Many therapists have noticed similarities between hypnotic psychology and interpersonal problems. In particular, the state of focused awareness is not only a feature of hypnosis, but also a feature of disease. The evidence is abundant: brooding and rumination in depression, fixation and avoidance of fear in anxiety, and recurring arguments in relationships. Therefore, the behavior and feelings in therapeutic hypnosis are what we need to think about and understand. What kind of hypnotic phenomenon appears when treatment is successful? Just as emotional and interpersonal disorders can present special hypnotic phenomena.
Dr. Brent B. Geary proposes a system in which hypnotic phenomena associated with the maintenance of existing problems can be evaluated and utilized. From this point of view, the hypnotic phenomenon is regarded as existing in the continuity of experience.
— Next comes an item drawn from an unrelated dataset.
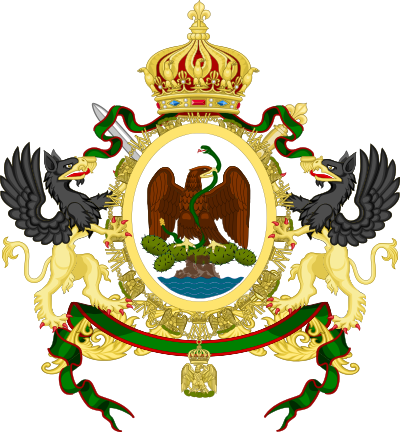 Escudo Del Emperador Maximiliano I De Méjico Mexican - Escudo De Armas Mexico (400x432), Png Download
Different hypnotic phenomena represent the most extreme of these continuities. However, not all hypnotic phenomena have opposite opposite hypnotic phenomena. In these cases, the other side of the hypnotic phenomenon is appropriately added to the corresponding phenomenon (e.g., hypersensitivity, elasticity/movement, bonding). This system will symbolically use the actions and feelings relative to individual hypnotic phenomena; Positive hallucinations, for example, are the creation of nonexistent sensory experiences, and fantasies of jealous delusions can be metaphorically considered positive hallucinations. Clearly, positive hallucinations do not meet the strict psychiatric definition. Therefore, the definition of hypnosis needs to be “unbound” so that these categories can have clinical effect and bring new inspirations for thinking through the symbolic view of hypnosis. Patients tend to be stuck, angry (hypersensitivity), anxious (age progression), and unable to access the resources (dissociation) that will help them achieve their life goals.
Any problem involves a variety of hypnotic phenomena, and in clinical use therapists will choose those that have the potential to change when they intervene in the target. Sometimes the specific phenomenon of the problem is used in the same way; For example, patients with jealous delusions may be encouraged to continue having positive hallucinations, but to adjust for more positive situations. In other cases, complementarity of problem phenomena can be used to change symptoms; For example, treating depressed people who are withdrawn and not angry might consider using action-oriented metaphors to encourage them to move. In this way, the assessment of hypnotic phenomena is combined with good use at the beginning of the treatment.